School budget reduced, flexible
Members of the Northville Board of Education approved last week a new budget designed to forestall a potential shortfall and provide flexibility at the same time.
The board had been on the cusp of approving a new $63 million budget at the beginning of June when concerns about enrollment projections caused them to take another look at it.
At the time, the most recent projections forecast an increase of about 200 students, not the 260 district officials had expected.
“We’re still growing, we’re just not growing at the rate we’ve seen for the past several years,” said Board President Karen Paciorek.
The result of a smaller increase in students was a potentially smaller increase in revenue. District officials met in a study session in mid-June to determine how best to trim the budget. They approved those changes last Tuesday.
The largest savings came from not hiring the staff that would have been necessary to accommodate the new students, according to Ken Roth, vice president of the Northville school board.
Board members chose to hang on to an additional $100,000 in case the projections change again, he said. That way the district has the ability to hire two more teachers, if necessary.
The enrollment count is one variable that school districts have to deal with when they plan their budget. It’s generally accepted in a community that has outpaced most of its neighbors with new development that additional families are on the way, but how many and where they’ll move to is less certain.
It would be ideal if the newcomers were widely spread throughout the community, but that’s rarely the case.
“What inevitably happens is you’ll see a large number of new students in one particular grade at one school,” Roth said.
That forces the school board to think about altering class sizes or boundaries or staff levels.
Another difficulty is that state law forces school boards to approve their budgets before the state is required to set its budget.
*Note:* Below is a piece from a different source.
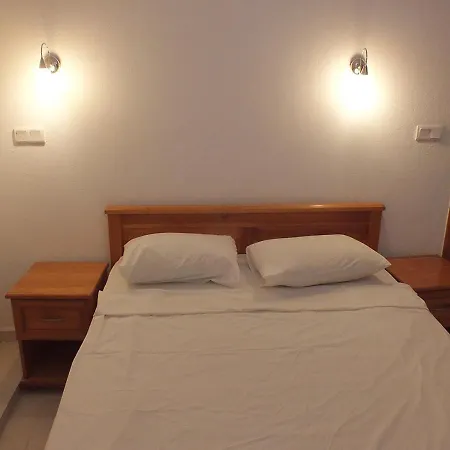Brooklands 1 Dublex Appartement *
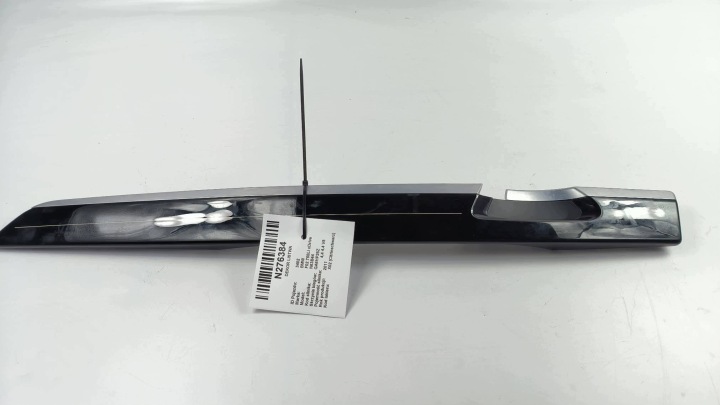 DEKOR lišta BOCZKA 7967890 BMW F01 F02 750Li xDrive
That means school officials have to set their budget without knowing how much—increase in per-pupil funding they’ll receive.
“It’s a challenge for school districts across the state,” Paciorek said.
The best way to deal with it, according to Paciorek, is to constantly keep an eye on the bottom line. The district followed that rule this year, too, she said.
“We were conservative, which we usually are,” she said.
The budget can always be amended as enrollment counts solidify and the amount of funding from the state becomes clear, too, Roth said.
“It’s going to be a work in progress,” he said.